Reputation: 8275
SO, I am trying create a simple regex that matches the following string:
<PRE>><A HREF="../cgi-bin/hgTracks?hgsid=160564920&db=hg18&position=chrX:33267175-33267784&hgPcrResult=pack">chrX:33267175-33267784</A> 610bp TGATGTTTGGCGAGGAACTC GCAGAGTTTGAAGAGCTCGG
TGATGTTTGGCGAGGAACTCtactattgttacacttaggaaaataatcta
atccaaaggctttgcatctgtacagaagagcgagtagatactgaaagaga
tttgcagatccactgttttttaggcaggaagaatgctcgttaaatgcaaa
cgctgctctggctcatgtgtttgctccgaggtataggttttgttcgactg
acgtatcagatagtcagagtggttaccacaccgacgttgtagcagctgca
taataaatgactgaaagaatcatgttaggcatgcccacctaacctaactt
gaatcatgcgaaaggggagctgttggaattcaaatagactttctggttcc
cagcagtcggcagtaatagaatgctttcaggaagatgacagaatcaggag
aaagatgctgttttgcactatcttgatttgttacagcagccaacttattg
gcatgatggagtgacaggaaaaacagctggcatggaaggtaggattatta
aagctattacatcattacaaatacaattagaagctggccatgacaaagca
tatgtttgaacaagcagctgttggtagctggggtttgttgCCGAGCTCTT
CAAACTCTGC
</PRE>
I have created the following regex:
<PRE>[.|[\n]]*</PRE>
yet it won't match the string above. Does anyone have a solution to this conundrum and perhaps a reasoning as toward why this doesn't work.
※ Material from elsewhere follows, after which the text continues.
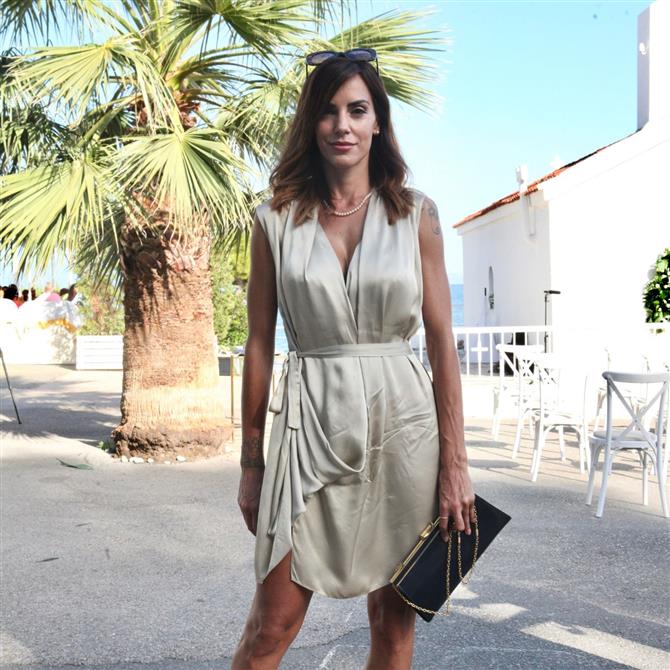 Ελισάβετ Σπανού: Βάφτισε την 7 μηνών κόρη της (Βίντεο από το μυστήριο)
Sorry about the formatting of this question.
Upvotes: 1
Views: 228
Reputation: 69021
The issue is that inside []
's the .
is a period, not a match-anything dot; the |
is a pipe, not an or
; and the [
and ]
are braces, not character-class creators -- in other words, the non-backslash special symbols lose their specialness.
What you will want to do is this:
m = re.search(r'(<PRE>.*</PRE>)', input_string, re.DOTALL)
m.group(1)
.search()
will look everywhere in the string for the match (.match()
only checks the beginning of the string), and re.DOTALL
(or re.S
) will have the .
match newlines as well.
If you don't want the <PRE>
and </PRE>
tags included, move the parentheses to surround the .*
.
Upvotes: 0
Reputation: 24823
If you're going to parse HTML, please use lxml, as Hank proposed.
But for this regex to work, you need to change the []
to ()
. A |
inside square brackets is interpreted as the symbol '|' and not as an OR operator.
Another option is to use the flag that's called DOTALL, which makes the dot operator match anything, including a newline. This way the regex becomes very simple:
m = re.match(r'<PRE>(.*)</PRE>', input_string, re.DOTALL)
m.group(1)
outputs the string inside the PRE, without the < PRE >
and< /PRE >
themselves.
Upvotes: 1
Reputation: 71939
Stop trying to parse HTML using regexes. You can't do it (robustly). There's a reason there's this famous SO answer. Use lxml instead.
Upvotes: 2